TL;DR:
- ChatGPT-4, an AI language model, performed well on a radiology board-type exam, scoring 81%.
- However, concerns were raised due to the model providing inaccurate and illogical answers alongside accurate ones.
- ChatGPT-3.5 was tested prior to ChatGPT-4 and achieved a 69% accuracy rate.
- ChatGPT-4 showed improvement in answering higher-order thinking questions (81% accuracy) compared to ChatGPT-3.5 (60% accuracy).
- The researchers highlighted the growing potential of large-language models in radiology but emphasized the need for further evaluation.
- ChatGPT’s tendency to produce inaccurate responses, referred to as “hallucinations,” remains a limitation in medical education and practice.
- Confidence in ChatGPT’s answers, even when incorrect, raises concerns about its reliability as an information source.
- The rapid advancement of language models like ChatGPT is considered exciting, and researchers suggest exploring radiology-specific fine-tuning using ChatGPT-4.
Main AI News:
The remarkable achievements of ChatGPT in the field of radiology have sparked both excitement and concerns about its reliability. A recent study published in Radiology on May 16 shed light on the language model’s performance, highlighting its potential while raising questions regarding its accuracy.
Dr. Rajesh Bhayana, together with his colleagues from the University of Toronto, conducted an examination using ChatGPT-4, the latest paid version of the artificial intelligence (AI) large-language model (LLM). The test comprised a multiple-choice text-only format, mirroring the style, content, and difficulty of renowned exams such as the Canadian Royal College and American Board of Radiology. Impressively, ChatGPT-4 achieved an overall score of 81%. However, it was the chatbot’s erroneous responses that gave rise to concerns.

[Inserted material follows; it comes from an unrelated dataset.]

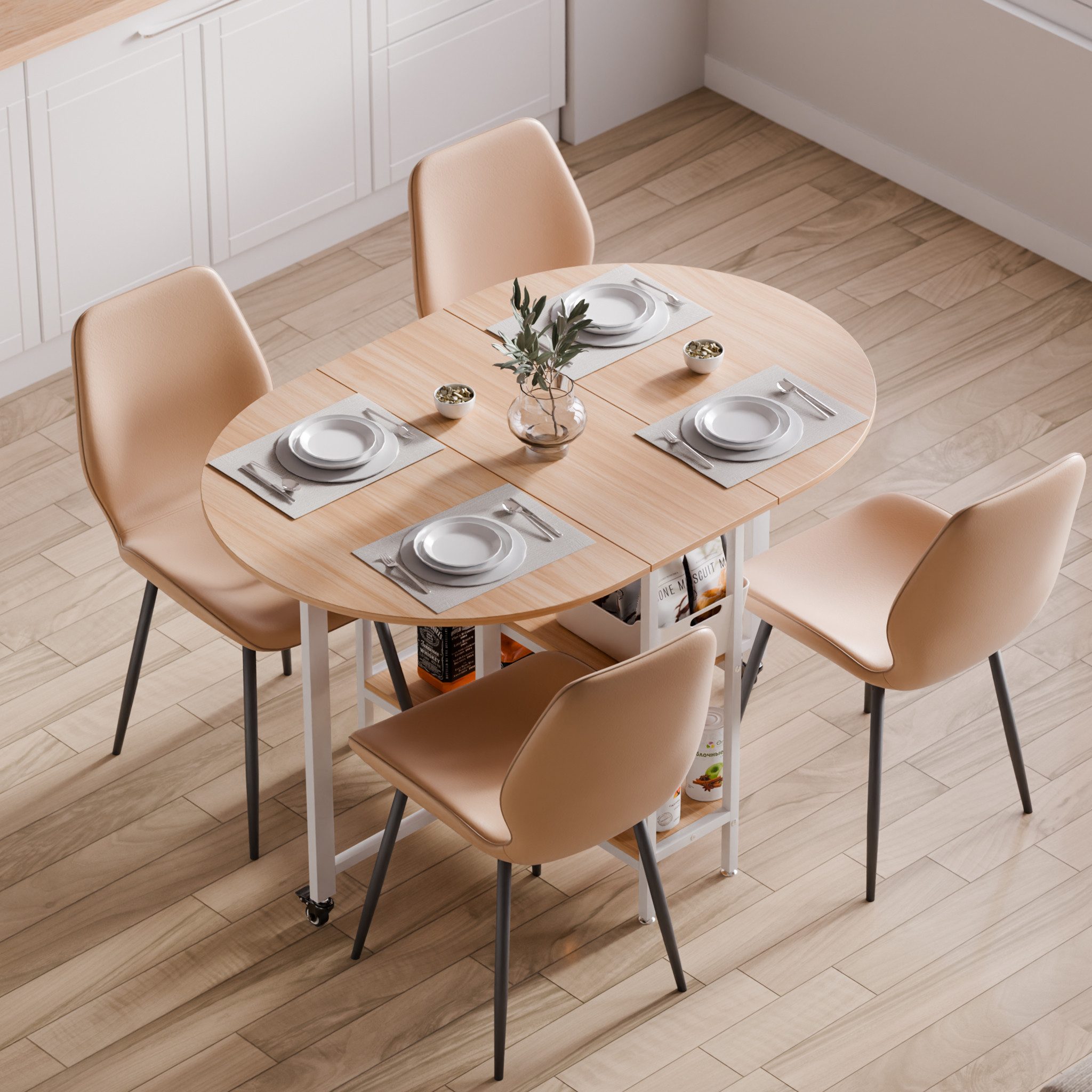 Mondeer Esstisch Klappbarer (1 Tisch), Gestell aus Metall, mit Zwei offene günstig online kaufen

In an official statement released by the Radiological Society of North America (RSNA), Dr. Bhayana expressed initial surprise at ChatGPT’s accurate and confident answers to challenging radiology questions. Yet, equally surprising were the instances where the model made illogical and inaccurate assertions. These discrepancies highlight the need for further evaluation and scrutiny.

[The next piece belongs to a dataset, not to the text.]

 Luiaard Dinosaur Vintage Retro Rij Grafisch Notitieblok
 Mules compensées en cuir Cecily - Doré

While ChatGPT exhibits promise as a valuable tool in medical practice and education, its performance in radiology remains uncertain, as stated by the authors of the study. OpenAI.com introduced ChatGPT-3.5 in November 2022, and the more recent ChatGPT-4 was unveiled in March.

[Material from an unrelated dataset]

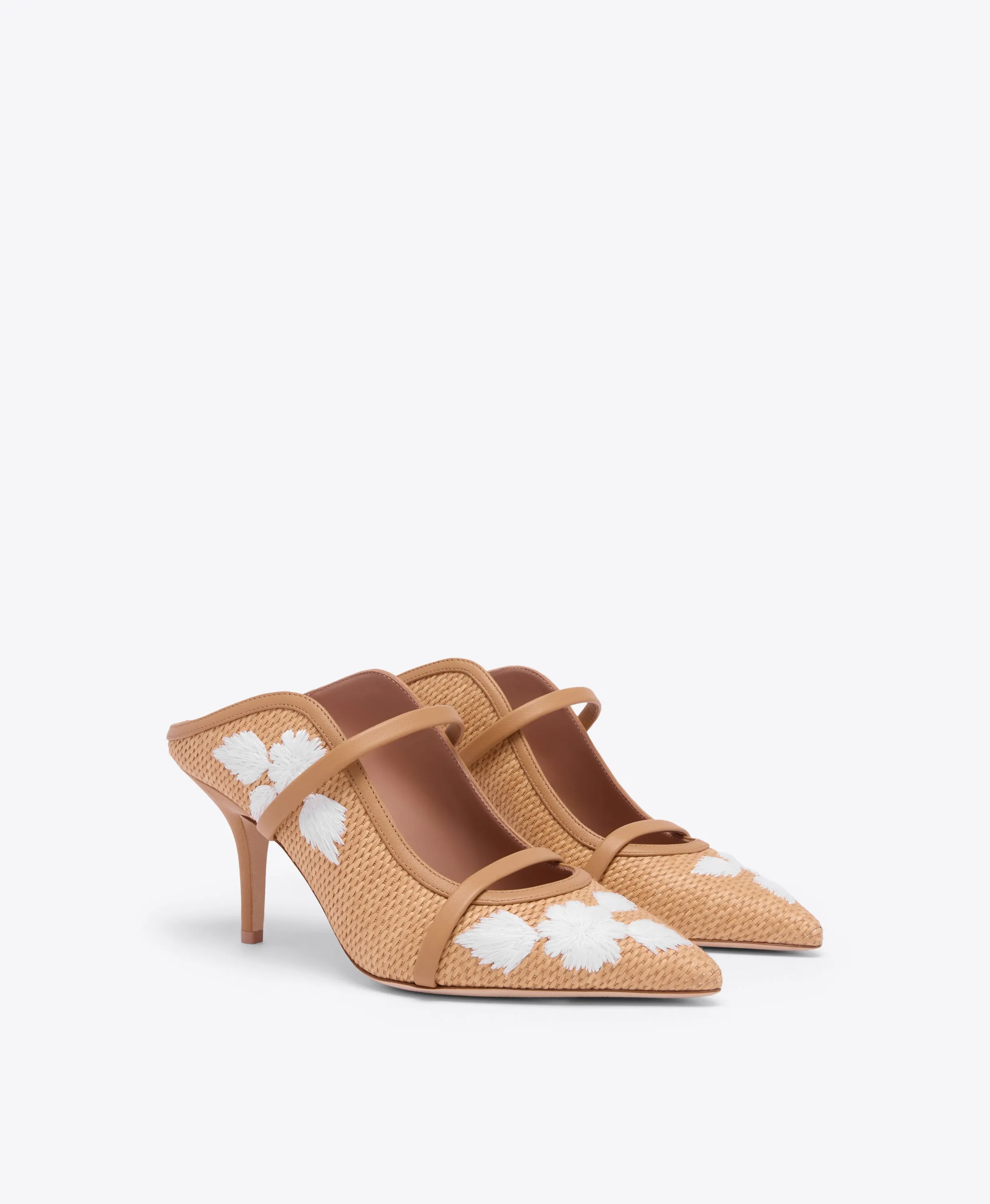 Maureen 70 Camel Embroidered Raffia Heeled Mules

Testing began with ChatGPT-3.5, and the results of this initial examination were also published in Radiology on May 16. The test involved 150 text-only questions, assessing the chatbot’s proficiency in “lower-order thinking,” encompassing knowledge recall and basic understanding, as well as “higher-order thinking,” involving descriptions of imaging findings and application of concepts.
ChatGPT-3.5 demonstrated a correct response rate of 69% (with a passing score set at 70%), outperforming its predecessor on questions involving lower-order thinking. However, its performance on questions requiring higher-order thinking was comparatively weaker. In contrast, ChatGPT-4 exhibited improvements. While its performance on lower-order questions remained unchanged, it showcased a significant boost in answering higher-order thinking questions (81% compared to 60%), as per the findings of the study.
“The impressive improvement in ChatGPT’s radiology performance within such a short period underscores the expanding potential of large-language models in this domain,” stated the researchers in their report.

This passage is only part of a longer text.